Sempre encantei-me com o dinamismo do Império Romano, onde o poder nunca desprezou a cultura e o culto dos imortais, jamais deixou de lado a vida de cada dia. Mundo de patrícios e plebeus, de guerreiros e artistas, de livres e escravos, Roma atravessou fronteiras com o sentimento de globalidade, fazendo de bárbaros bons cidadãos, mostrando a vida com beleza e civilidade, elaborando leis e diretrizes, ensinando a viver.

Não creio que exista melhor modelo para a história que a descrição e a narrativa da "grande dama de literatura". Nada mais apropriado para imitar a realidade. Uma penetração física e psicológica, um remoer de pequenos e grandes sentimentos, um improvisar momentâneo ou um consciente preparo de cada instante, de cada período. Adriano não se contenta apenas no viver, sente-se que é a mola maior do destino, um senhor do presente e do futuro, um gesto seu plasmando culturas, permitindo mudanças forjando consciências. Apesar de tudo, as incertezas, a busca de afirmação do ser humano, fraco e falível em toda parte, em todo o tempo, pois ninguém é dono da vida, nem o rei de Roma.

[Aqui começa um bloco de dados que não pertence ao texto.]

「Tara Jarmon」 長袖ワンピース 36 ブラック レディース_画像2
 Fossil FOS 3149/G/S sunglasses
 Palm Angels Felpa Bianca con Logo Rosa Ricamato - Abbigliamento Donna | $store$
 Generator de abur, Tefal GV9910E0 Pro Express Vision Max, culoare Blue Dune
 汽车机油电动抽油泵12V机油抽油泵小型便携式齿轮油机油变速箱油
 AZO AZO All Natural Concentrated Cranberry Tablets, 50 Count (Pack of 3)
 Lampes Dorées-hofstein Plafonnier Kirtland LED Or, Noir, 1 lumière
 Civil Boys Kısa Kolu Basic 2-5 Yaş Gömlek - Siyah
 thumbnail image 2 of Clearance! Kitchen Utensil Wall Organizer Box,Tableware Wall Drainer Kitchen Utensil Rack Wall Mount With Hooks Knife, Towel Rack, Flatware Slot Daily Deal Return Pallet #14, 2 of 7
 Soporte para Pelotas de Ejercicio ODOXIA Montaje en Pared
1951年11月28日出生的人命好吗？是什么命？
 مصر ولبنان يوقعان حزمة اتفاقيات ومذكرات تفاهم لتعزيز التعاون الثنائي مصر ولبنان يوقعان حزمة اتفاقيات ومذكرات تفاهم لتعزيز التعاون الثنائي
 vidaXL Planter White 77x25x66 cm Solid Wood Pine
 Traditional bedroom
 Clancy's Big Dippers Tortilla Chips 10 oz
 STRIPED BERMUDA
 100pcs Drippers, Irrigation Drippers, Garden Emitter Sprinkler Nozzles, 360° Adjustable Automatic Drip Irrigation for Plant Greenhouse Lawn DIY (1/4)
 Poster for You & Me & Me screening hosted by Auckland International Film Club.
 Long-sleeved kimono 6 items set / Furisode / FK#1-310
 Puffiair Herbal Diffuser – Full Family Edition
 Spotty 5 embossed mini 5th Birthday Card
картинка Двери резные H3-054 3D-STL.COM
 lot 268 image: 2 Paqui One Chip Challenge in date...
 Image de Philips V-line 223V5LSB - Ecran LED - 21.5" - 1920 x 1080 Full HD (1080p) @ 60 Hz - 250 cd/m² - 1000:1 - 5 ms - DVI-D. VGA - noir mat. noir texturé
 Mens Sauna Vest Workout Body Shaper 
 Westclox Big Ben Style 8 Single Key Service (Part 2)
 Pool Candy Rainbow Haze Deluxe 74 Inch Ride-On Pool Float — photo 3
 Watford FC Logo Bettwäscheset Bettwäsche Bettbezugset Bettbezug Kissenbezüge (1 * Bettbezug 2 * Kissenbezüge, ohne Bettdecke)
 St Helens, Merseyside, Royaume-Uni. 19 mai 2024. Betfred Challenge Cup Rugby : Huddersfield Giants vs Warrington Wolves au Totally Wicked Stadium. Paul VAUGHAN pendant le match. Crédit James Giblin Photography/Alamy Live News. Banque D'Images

Fiquei mais rico de vivência e de amor depois de ''MEMORIAS DE ADRIANO". Acredito na grandeza e no poder das letras, naquele sentido de canalizar momentos de felicidade, unindo séculos em frações de segundos, doação de patrimônio à curiosidade de cada espírito. De todas as invenções do homem a maior ainda é o alfabeto e, em decorrência dele, o livro. Depois que aprendemos ler, desaparece o egoísmo alheio, o mundo é nosso, ninguém pode impedir de que sejamos senhores da nossa própria cultura. O milenar passa a ser o agora, a história é a página que vemos diante de nossos olhos, somos participantes de tudo. De tudo mesmo.

Devolvo-lhe o livro, Raquel. "MEMÓRIAS DE ADRIANO" não pode deixar de ser lido. Em último caso, na falta de tempo, faça como a minha outra cunhada, a Laury: arranje uma doencinha qualquer e, deitada, penetre na alma dos livros; cavalgue sonhos, realize o irrealizável.